Olympic Sports has two issues of debt outstanding. One is a 9% coupon bond with
ID: 2714444 • Letter: O
Question
Olympic Sports has two issues of debt outstanding. One is a 9% coupon bond with a face value of $25 million, a maturity of 10 years, and a yield to maturity of 10%. The coupons are paid annually. The other bond issue has a maturity of 15 years, with coupons also paid annually, and a coupon rate of 10%. The face value of the issue is $30 million, and the issue sells for 93% of par value. The firm's tax rate is 20%.

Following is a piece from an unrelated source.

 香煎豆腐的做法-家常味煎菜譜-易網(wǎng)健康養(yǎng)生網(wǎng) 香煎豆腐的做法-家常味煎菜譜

a. What is the before-tax cost of debt for Olympic? (Do not round intermediate calculations. Enter your answer as a percent rounded to 2 decimal places.)
Before-tax cost of debt %
b. What is Olympic's after-tax cost of debt? (Do not round intermediate calculations. Enter your answer as a percent rounded to 2 decimal places.)
After-tax cost of debt %
Explanation / Answer
Answer:a. The 9% coupon bond has a yield to maturity of 10% and sells for 93.86% of face value as shown below: Using a financial calculator, enter
n = 10, i = 10%, PMT = 90, FV = 1,000; compute PV = $938.55.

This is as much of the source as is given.